=== Data for analysis ===

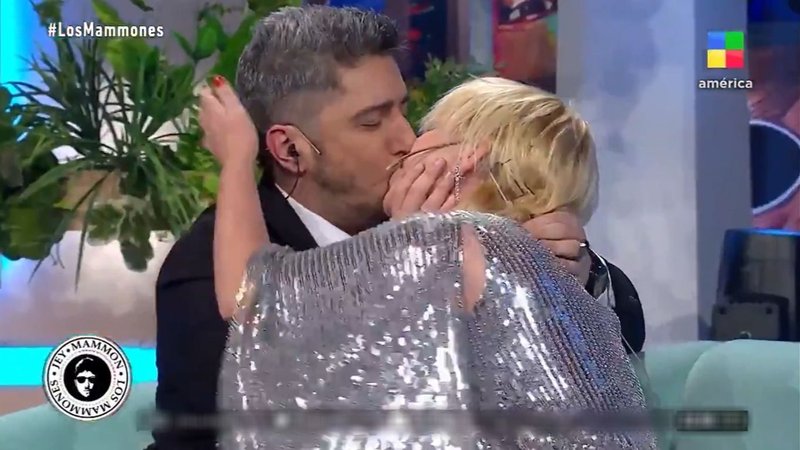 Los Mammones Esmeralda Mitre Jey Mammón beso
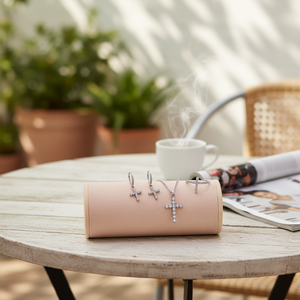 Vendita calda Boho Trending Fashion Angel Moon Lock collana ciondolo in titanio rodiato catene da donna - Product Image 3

===
=== Data for analysis ===

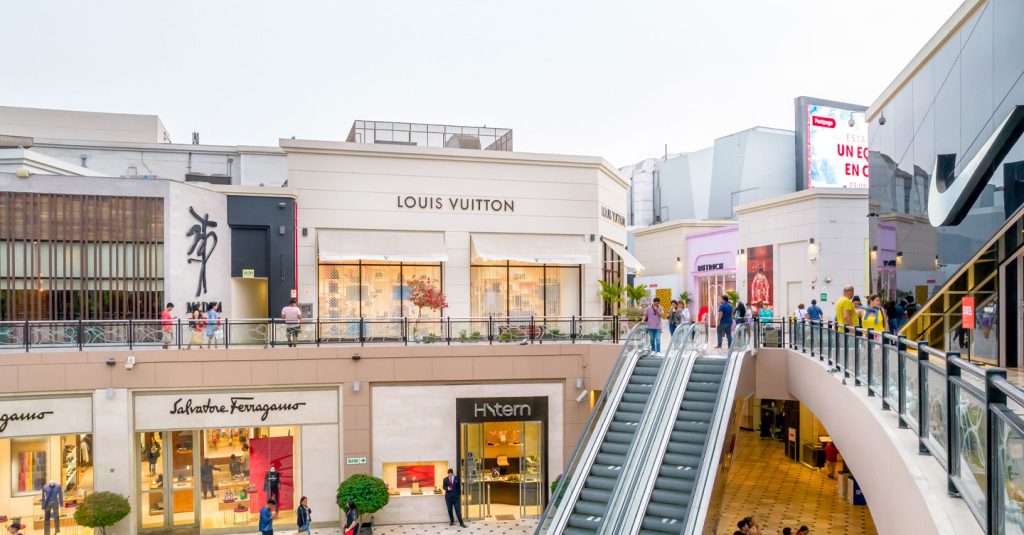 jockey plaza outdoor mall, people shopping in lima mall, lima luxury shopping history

===
=== Data for analysis ===

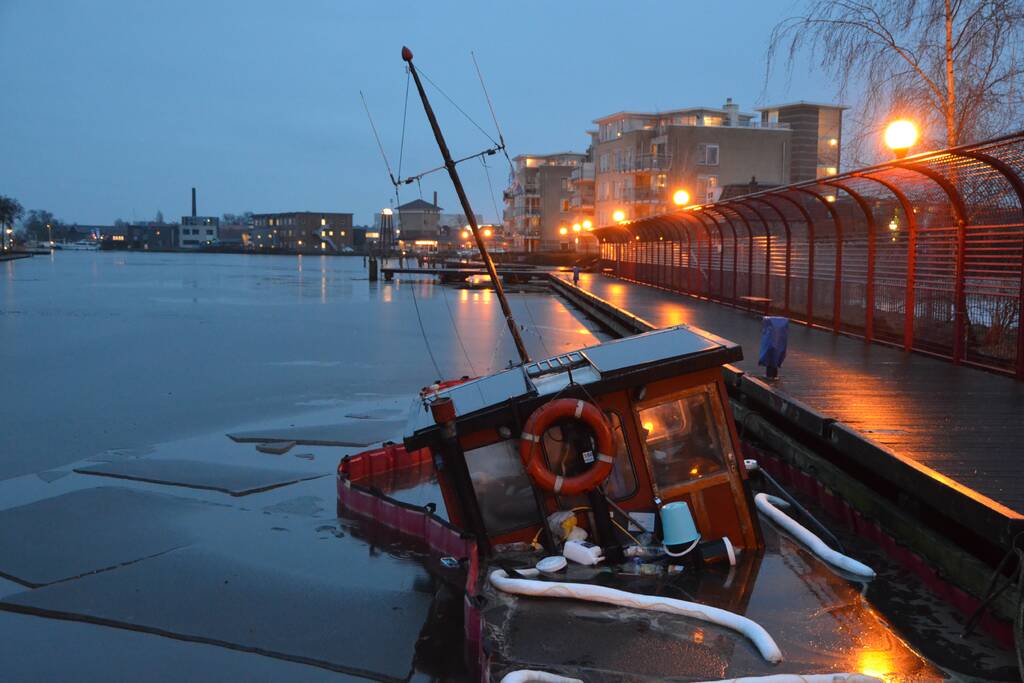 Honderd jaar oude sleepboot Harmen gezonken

===

* **Requirement**:
In the data above, retype only the stretch from the line with "Los Mammones Esmeralda Mitre Jey Mammón beso" through the line with "Vendita calda Boho", word for word, and skip any pictures.

* **Solution**:
 Los Mammones Esmeralda Mitre Jey Mammón beso
 Vendita calda Boho Trending Fashion Angel Moon Lock collana ciondolo in titanio rodiato catene da donna - Product Image 3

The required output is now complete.